* [Working data]:
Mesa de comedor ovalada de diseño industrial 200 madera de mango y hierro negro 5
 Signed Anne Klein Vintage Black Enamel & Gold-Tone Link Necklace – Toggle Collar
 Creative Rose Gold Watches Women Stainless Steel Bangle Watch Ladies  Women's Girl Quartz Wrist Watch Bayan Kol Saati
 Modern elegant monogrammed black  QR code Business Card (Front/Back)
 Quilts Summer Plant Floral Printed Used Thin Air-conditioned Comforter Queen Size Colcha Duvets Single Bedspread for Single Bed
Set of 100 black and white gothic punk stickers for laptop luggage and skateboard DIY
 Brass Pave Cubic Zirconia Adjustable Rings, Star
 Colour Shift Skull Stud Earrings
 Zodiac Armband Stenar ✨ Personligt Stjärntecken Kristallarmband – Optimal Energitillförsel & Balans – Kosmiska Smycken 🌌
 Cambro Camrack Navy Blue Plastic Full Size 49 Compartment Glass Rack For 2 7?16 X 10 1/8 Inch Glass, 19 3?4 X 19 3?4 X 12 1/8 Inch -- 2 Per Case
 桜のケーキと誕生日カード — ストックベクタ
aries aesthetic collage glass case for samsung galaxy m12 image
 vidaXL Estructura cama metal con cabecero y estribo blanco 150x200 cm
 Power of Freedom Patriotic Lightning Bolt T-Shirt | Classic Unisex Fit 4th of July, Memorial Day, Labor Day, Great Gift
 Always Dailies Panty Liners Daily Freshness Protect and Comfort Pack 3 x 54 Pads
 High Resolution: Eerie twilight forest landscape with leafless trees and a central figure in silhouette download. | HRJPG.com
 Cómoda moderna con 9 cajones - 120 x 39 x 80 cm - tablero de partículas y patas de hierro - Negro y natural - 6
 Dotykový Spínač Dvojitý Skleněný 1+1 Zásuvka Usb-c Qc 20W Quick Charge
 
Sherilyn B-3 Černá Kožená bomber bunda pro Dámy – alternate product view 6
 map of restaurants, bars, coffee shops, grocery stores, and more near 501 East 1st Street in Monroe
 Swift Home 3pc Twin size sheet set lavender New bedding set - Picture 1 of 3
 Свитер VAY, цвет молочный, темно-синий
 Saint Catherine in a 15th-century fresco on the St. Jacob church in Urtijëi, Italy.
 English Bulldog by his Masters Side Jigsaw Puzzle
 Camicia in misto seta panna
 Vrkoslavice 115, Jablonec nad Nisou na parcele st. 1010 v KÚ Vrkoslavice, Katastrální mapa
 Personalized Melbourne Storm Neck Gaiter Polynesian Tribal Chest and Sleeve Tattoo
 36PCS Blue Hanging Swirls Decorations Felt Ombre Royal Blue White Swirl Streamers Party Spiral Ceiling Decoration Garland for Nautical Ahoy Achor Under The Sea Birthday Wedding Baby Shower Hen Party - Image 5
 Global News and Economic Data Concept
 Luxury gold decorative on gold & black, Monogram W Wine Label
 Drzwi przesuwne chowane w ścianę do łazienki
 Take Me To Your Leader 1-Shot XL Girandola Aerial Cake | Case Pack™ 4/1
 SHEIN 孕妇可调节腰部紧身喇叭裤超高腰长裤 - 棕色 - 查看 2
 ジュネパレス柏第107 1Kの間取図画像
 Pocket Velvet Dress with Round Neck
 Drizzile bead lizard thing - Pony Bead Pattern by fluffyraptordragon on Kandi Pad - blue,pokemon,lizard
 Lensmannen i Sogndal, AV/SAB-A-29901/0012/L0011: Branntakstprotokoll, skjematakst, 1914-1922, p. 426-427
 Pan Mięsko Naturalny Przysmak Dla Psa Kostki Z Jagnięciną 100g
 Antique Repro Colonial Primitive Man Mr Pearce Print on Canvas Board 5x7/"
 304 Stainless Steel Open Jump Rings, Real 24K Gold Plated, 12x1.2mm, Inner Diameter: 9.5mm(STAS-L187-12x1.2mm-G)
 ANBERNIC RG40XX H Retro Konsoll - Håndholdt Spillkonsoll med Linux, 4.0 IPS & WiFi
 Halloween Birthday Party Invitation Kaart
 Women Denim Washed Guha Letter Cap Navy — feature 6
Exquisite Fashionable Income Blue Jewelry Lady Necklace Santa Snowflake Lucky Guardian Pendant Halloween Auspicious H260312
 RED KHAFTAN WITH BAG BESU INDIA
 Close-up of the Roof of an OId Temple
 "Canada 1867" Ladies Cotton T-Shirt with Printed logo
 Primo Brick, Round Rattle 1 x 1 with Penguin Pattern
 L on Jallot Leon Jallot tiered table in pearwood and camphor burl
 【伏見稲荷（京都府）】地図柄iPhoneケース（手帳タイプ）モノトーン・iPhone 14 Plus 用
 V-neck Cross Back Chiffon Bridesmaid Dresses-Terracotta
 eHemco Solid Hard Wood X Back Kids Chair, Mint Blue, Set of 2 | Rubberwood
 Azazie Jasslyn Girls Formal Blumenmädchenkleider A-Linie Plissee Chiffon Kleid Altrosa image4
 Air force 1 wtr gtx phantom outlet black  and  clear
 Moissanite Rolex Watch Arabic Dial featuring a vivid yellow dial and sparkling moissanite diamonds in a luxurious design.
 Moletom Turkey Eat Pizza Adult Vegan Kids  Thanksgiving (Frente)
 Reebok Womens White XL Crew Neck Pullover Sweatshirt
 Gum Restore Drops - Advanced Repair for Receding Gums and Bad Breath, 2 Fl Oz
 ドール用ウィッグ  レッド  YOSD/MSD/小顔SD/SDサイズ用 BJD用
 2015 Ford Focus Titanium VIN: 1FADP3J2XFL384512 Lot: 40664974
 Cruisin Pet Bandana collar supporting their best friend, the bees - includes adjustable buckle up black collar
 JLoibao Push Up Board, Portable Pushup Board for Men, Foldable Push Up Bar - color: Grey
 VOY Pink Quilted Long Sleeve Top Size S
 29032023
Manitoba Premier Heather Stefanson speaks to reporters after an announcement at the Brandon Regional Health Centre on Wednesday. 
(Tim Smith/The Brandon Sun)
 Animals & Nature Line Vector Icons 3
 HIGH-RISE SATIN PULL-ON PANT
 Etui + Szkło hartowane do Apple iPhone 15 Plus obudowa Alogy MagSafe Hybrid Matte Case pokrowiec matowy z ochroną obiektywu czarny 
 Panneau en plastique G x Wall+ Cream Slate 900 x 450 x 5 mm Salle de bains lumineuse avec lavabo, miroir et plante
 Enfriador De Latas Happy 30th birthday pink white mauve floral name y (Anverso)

* [Work item]: Working through the records above, copy each line in which "Steel" is found.

* [Exercise solution]:
 Creative Rose Gold Watches Women Stainless Steel Bangle Watch Ladies  Women's Girl Quartz Wrist Watch Bayan Kol Saati
 304 Stainless Steel Open Jump Rings, Real 24K Gold Plated, 12x1.2mm, Inner Diameter: 9.5mm(STAS-L187-12x1.2mm-G)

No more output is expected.